I thought I would devote my second blog post ever to a subject that is near and dear to me. Many of you might have sensed that I had some sort of physical issue and been curious, but never asked. I have a birth defect called Spina Bifida (SB). In my case, it is a malformation of the spinal cord where the nerves around the spinal cord fail to connect to the right places. This results in muscle and nerve damage to the spine and spreads throughout the body. I am able to walk as a result of a couple of surgeries and by wearing short leg braces.

I use the words, in my case, because there are several different forms that SB can take; each differing in characteristics and severity. Along with the physical issues there are other things I have to deal with as well. SB patients, at least at the time I was born, typically have some sort of learning disability. For me, this made studying and school in general difficult, but not impossible. Having a teacher as a mom helped a lot as she was able to help me learn study habits that have helped me work all the way to a Masters degree.

An important part of this whole experience is the role of family and friends. I have been blessed with tremendously supportive family and friends who have helped me get to where I am by moral and financial support, thoughts and prayers.
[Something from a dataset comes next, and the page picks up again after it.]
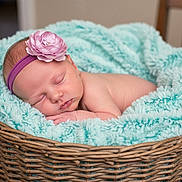 Charlotte joined the competition — help win amazing prizes! baby, newborn, sleeping, headband, flower, blanket, basket, wicker, soft, cozy, infant, cute, peaceful, resting, indoors, child, portrait, skin, pink, turquoise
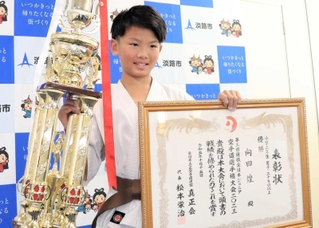 優勝トロフィーと表彰状を持つ向田煌君＝淡路市役所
I am also fortunate to live an hour away from one of the best hospitals in the world for treating SB (Scottish Rite Children’s Hospital).

Part of writing this post was for it to be a kind of public service announcement. One of my goals is to spread the word about SB to make more people aware of it. I typically have not talked all that much about it. I’m trying to change that, but hopefully not in an obnoxious way. Please feel free to ask me any questions you might have about SB in general or my specific experience with it. As always, thanks for reading.